2/ Mexique : Alondra de la Parra, éblouissante « Maestra »!
Dans l’univers très masculin de la direction d’orchestre, elles sont de plus en plus à manier la baguette. Exemple
Elles ne seraient que 3 à 5 % à diriger un orchestre dans le monde. Les plus célèbres d’entre elles se comptent aujourd’hui à peine sur les doigts des deux mains, comme si le métier, la fonction, ne pouvait être dévolu qu’à une autorité exclusivement masculine. Devenir cheffe d’orchestre nécessite pour une femme encore plus de talent et de détermination que pour un homme. Bien sûr, leur nombre augmente à travers le monde, mais on est très loin d’une quelconque parité. Alondra de la Parra est l’une des plus jeunes. Née à New York il y a 44 ans, elle a grandi à Mexico. Elle commence le piano à 7 ans, puis passe au violoncelle à 13.
À la Manhattan School of Music, elle a comme professeur l’immense chef allemand Kurt Masur. Elle raconte : « Après de multiples heures de cours et de master classes, je lui ai demandé un jour quelle qualité je devais développer. » Le maître répond : « Être forte, être forte, mon amie. » Il ajoute : « Si vous n’êtes pas forte dans cette profession, alors vous le devenez. » Et il conclut : « Si vous voulez être aimée, vous devez choisir une autre voie. » Voilà prévenue, celle qui se disait : « Si je ne suis pas un vieil homme avec des cheveux blancs, je ne pourrai pas être cheffe d’orchestre. » Les conseils de celui qui a dirigé les plus grandes formations en Europe et en Amérique lui ont permis, semble-t-il, de surmonter toutes ses appréhensions.

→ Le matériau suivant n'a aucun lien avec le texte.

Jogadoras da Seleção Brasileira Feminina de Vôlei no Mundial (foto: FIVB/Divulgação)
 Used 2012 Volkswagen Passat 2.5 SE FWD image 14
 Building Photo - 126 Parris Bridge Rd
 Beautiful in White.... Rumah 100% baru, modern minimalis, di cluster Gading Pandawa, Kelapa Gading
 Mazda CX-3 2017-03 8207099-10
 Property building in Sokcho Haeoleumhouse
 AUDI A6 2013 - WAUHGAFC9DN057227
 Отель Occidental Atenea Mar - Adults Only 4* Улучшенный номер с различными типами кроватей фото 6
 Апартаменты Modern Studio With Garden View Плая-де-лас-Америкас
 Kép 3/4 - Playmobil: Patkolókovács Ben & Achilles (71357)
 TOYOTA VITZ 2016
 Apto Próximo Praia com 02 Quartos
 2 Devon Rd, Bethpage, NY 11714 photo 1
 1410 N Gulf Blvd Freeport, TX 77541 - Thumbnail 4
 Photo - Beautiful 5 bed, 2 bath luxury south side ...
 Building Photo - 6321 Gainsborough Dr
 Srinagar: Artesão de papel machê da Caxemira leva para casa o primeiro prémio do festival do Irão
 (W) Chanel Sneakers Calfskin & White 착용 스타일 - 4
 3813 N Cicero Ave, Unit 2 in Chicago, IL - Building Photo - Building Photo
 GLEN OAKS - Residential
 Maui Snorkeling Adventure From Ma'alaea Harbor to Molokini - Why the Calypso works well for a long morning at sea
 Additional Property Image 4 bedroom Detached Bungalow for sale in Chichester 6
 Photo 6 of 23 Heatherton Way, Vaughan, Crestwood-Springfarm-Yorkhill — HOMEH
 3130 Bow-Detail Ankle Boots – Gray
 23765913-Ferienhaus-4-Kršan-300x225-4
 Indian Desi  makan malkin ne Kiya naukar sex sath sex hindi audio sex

À 24 ans, elle est la première à conduire à New York un orchestre de 65 musiciens. Avant même d’obtenir son master, elle fonde l’Orchestre philharmonique des Amériques pour promouvoir la musique mexicaine. Son premier enregistrement devient disque de platine en deux mois. Sa carrière commence. Dès lors, elle ne cessera de se faire connaître, de multiplier les succès, de prendre la direction d’ensembles musicaux parmi les plus prestigieux. En 2016, à Alfortville, non loin de Paris, avec l’Orchestre national d’Île-de-France, elle interprète Saint-Saëns, Ravel, et des compositeurs sud-américains. Son concert tient les promesses de l’affiche, celle d’un « feu latin » pétillant, enjoué. Elle n’est pas une inconnue en France, où déjà, elle a été remarquée à la tête des orchestres philharmoniques de Bordeaux, Toulouse, Lyon, et Paris. Elle revient alors d’un tour du monde. Déjà, elle a dirigé plus de 70 formations sur tous les continents.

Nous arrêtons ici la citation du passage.